Pour d’autres, un dimanche à Paris, c’est un délice de grasse matinée, une envie de ciné et une grande soif de cafés (allongés)… Et pour tous, le dimanche soir, c’est la grève en cuisine ! Je ne sais pas comment vous fonctionnez vous mais moi, le dimanche soir, je me sens un peu chamallow, vaguement flagada. Les heures passent, et la soirée trépasse sans que je n’ai aucune envie de me lancer dans la cuisson de cette belle volaille achetée au marché ! Bah oui, après il va falloir la découper, la faire dorer, attendre, encore-et-encore. Oui. Pour tout vous dire, j’ai la flemme le dimanche soir. Et, pourtant, je suis affamée.
Alors, pour digérer Paris, vivre et re-vivre ma dernière évasion au Marché des Enfants Rouges, j’ai fait un pacte avec moi-même. Cet été, je me lance dans une série de variations autour du cake et voici celui que j’ai cuisiné dimanche soir grâce à mes achats au marché … Bon, il faisait un peu chaud alors je l’ai laissé refroidir au milieu de mes plants de tomates cerises sur le rebord de ma fenêtre… Ok, il a failli valser dans le salon de la voisine du dessous mais je suis trop fière de mon plan B spéciale feignasse.
Pourquoi ? Parce que c’est un cake au chèvre, aux tomates séchées et au basilic de mon potager-parisien (comprenez “sans-jardin”).
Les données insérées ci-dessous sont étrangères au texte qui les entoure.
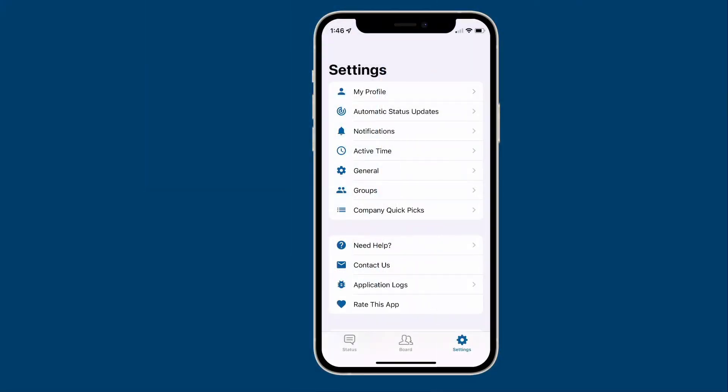The most popular features within Simple In/Out are those that automatically update your status just by carrying your phone around throughout the course of your day. Features like geofencing, beacons, and networks right on your device can keep your status board up to date.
Et puis, il est coquet avec sa belle croûte dorée qui dit “miam” sous tous les angles…
Ah oui, la recette, j’allais oublier : Dans un grand saladier, mélangez 150 g de farine, 1 sachet de levure chimique, 1 poignée de tomates séchées découpée, une bûchette de chèvre réduite en morceaux, quelques feuilles de basilic, des herbes de Provence, une tasse d’huile d’olive… Salez, poivrez et ajoutez une pincée de curcuma. C’est parti pour un tour au four de 35 minutes (tout pile) à 180°C (thermostat 6).
Bon appétit ! PS : Et vous, vous mangez quoi le dimanche soir ?













bah moi, je sais que j’abuse, mais quand j’ai la flemme de cuisiner… je mange pas!